I took my business card out of my pocket. "Call this before you call the Office. I'm working on keeping a guy out of the freezer, and I'll take any help I can get. If you or your ' partner remember anything..." I put the card on his desk and picked up my license. Bayzwaite took the card and put it in the drawer of his desk. His face was blank.
I went outside, nodded at the receptionist, and passed through the cavern of poured glass to the exit doors. Coming this way, I almost liked the effect of the early afternoon sun on the distorted walls of the office, all blurry and chiaroscuro, like some kind of underwater dream. I went into the corridor and pressed the button for the elevator.
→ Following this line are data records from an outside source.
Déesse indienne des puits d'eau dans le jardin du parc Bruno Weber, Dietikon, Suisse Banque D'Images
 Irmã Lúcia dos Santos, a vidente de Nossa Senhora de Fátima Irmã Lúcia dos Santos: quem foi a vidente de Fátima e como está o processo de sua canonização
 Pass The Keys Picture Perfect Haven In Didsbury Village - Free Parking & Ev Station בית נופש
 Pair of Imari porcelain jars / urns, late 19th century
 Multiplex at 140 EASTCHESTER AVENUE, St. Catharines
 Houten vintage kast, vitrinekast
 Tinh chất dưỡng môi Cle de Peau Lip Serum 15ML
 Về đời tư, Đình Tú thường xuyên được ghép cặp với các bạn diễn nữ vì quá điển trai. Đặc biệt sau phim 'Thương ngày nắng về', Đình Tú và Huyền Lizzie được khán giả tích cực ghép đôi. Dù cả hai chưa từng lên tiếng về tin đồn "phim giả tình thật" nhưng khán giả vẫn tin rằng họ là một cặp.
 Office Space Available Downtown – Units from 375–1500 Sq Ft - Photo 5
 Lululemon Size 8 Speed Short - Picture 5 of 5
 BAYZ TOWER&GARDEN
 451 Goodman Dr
The attendant handed over my car, and I drove out into the sun and parked on a side street behind the Overmall. I pulled out the mirror in my glove compartment and snorted up a couple of lines of the new batch of make, the first I'd used today. It had the effect of flashing my memory back over the events of the past two days: the kangaroo in the rain, Morgenlander in my office, and, most of all, Angwine in the bar of the Vistamont. The drug should have provided the sense of remove I craved; instead it served to focus and intensify my disquiet.